* [WHAT THE TASK ASKS] Would you please copy all of the data exactly, skipping the images?
____ DATA SUPPLIED
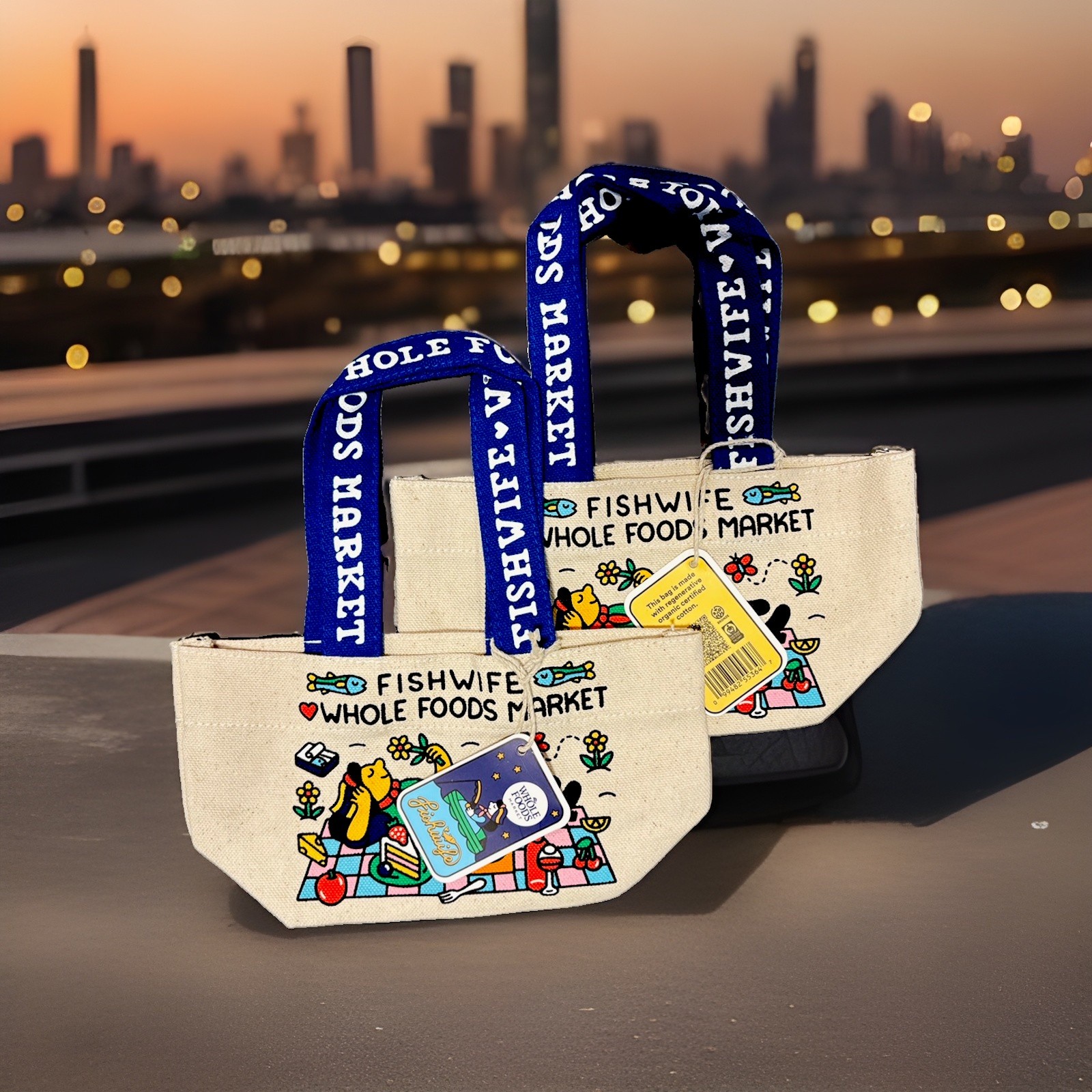 Set of 2 🚨🔥 VIRAL ALERT 🔥🚨👀 NEW Whole Foods x Fishwife Micro Tote Bag 👀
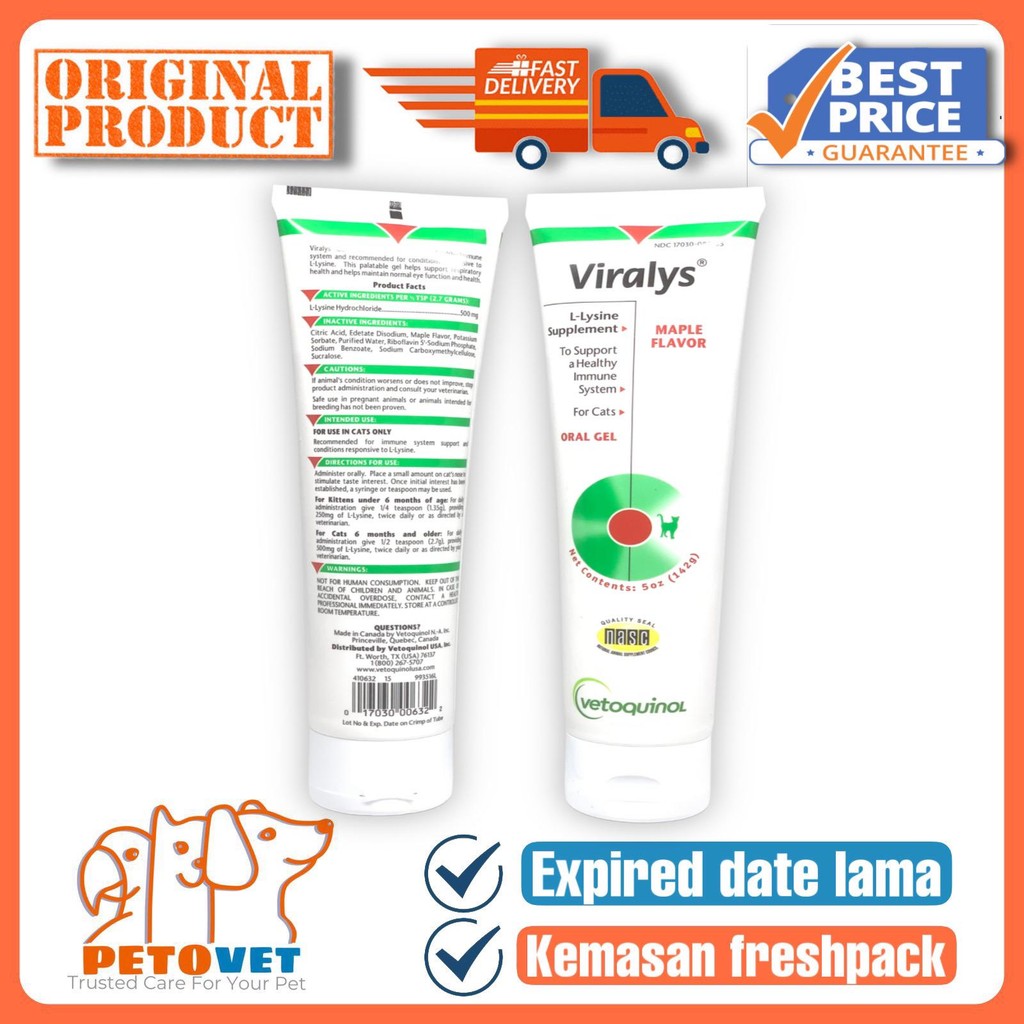 Viralys L- Lysine Oral Gel for Cat 142gr- vitamin kucing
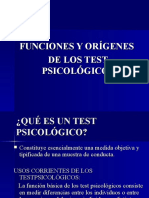 Funciones y Orígenes de Los Test Psicológicos.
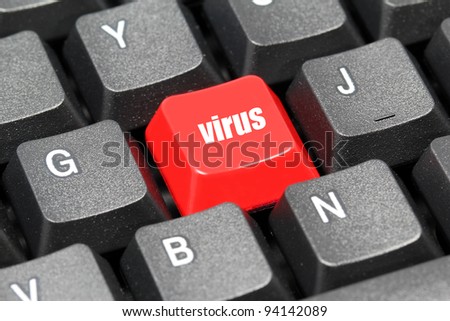 Virus word on red and black keyboard button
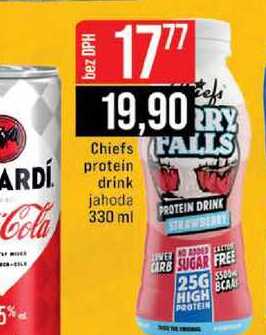 Chiefs protein drink jahoda 330 ml  v akci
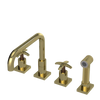 Rubinet Widespread Kitchen Set with Genesis Spout with Hand Spray Natural Brass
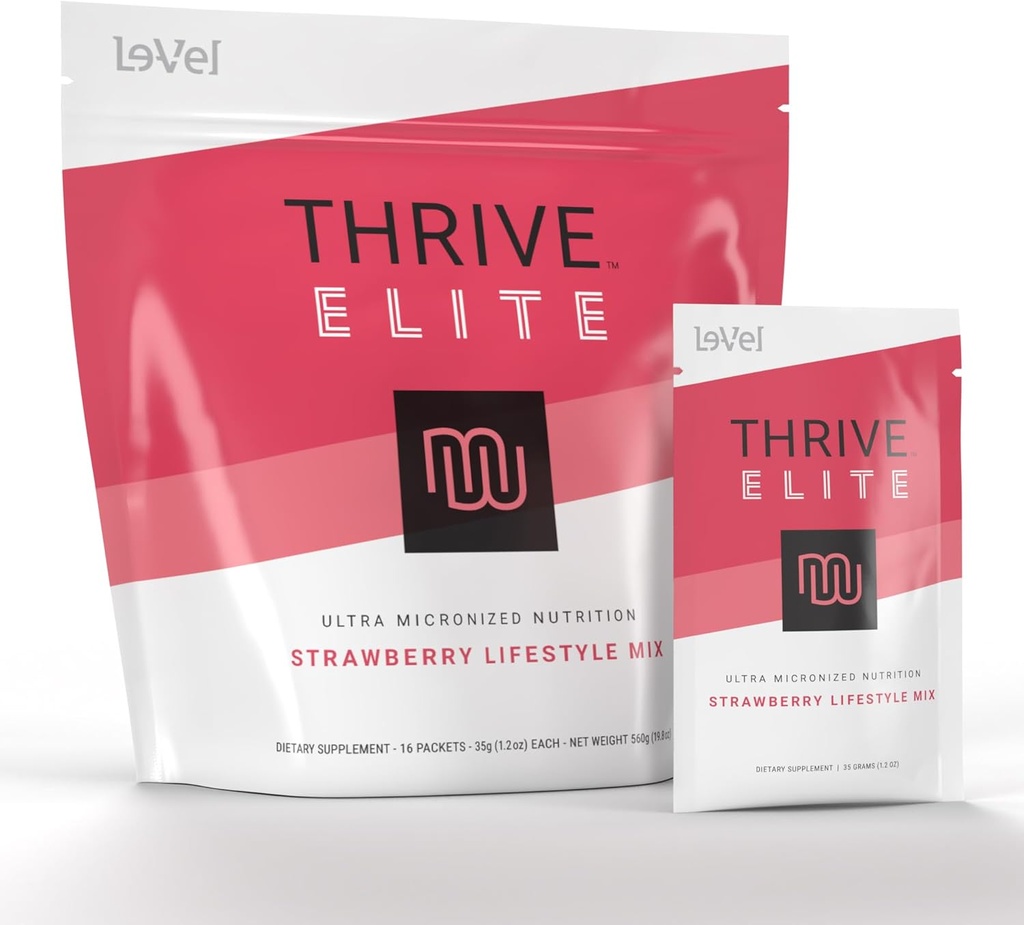 Le-Vel Thrive Elite Protein Shake | Gluten-Free, BCAAs, Probiotics & Enzymes와 단백질 혼합 | 16 서빙 - 단일 패킷, 딸기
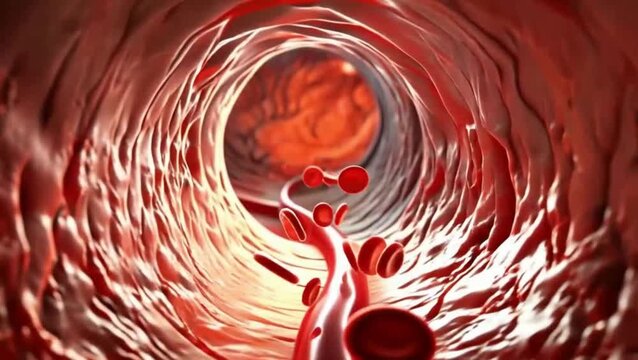 Red blood cells flowing through a human artery in this dynamic medical science motion animation video digital render background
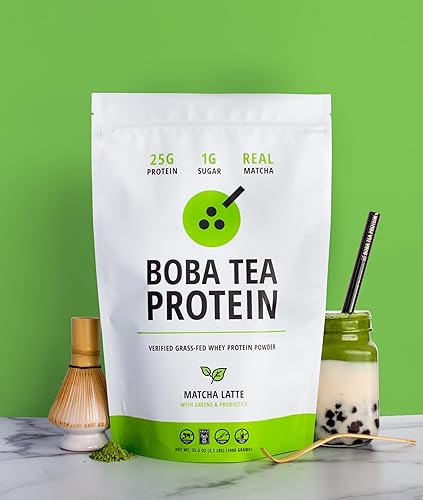 Miniatura 2 de Boba Tea Protein Matcha Latte  25g Grass-Fed Whey Protein Isolate Powder  Gluten-Free & Soy-Free Bubble Tea Protein Drink  Real Ingredients &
________
* [OUTPUT BELOW]
 Set of 2 🚨🔥 VIRAL ALERT 🔥🚨👀 NEW Whole Foods x Fishwife Micro Tote Bag 👀
 Viralys L- Lysine Oral Gel for Cat 142gr- vitamin kucing
 Funciones y Orígenes de Los Test Psicológicos.
 Virus word on red and black keyboard button
 Chiefs protein drink jahoda 330 ml  v akci
 Rubinet Widespread Kitchen Set with Genesis Spout with Hand Spray Natural Brass
 Le-Vel Thrive Elite Protein Shake | Gluten-Free, BCAAs, Probiotics & Enzymes와 단백질 혼합 | 16 서빙 - 단일 패킷, 딸기
 Red blood cells flowing through a human artery in this dynamic medical science motion animation video digital render background
 Miniatura 2 de Boba Tea Protein Matcha Latte  25g Grass-Fed Whey Protein Isolate Powder  Gluten-Free & Soy-Free Bubble Tea Protein Drink  Real Ingredients &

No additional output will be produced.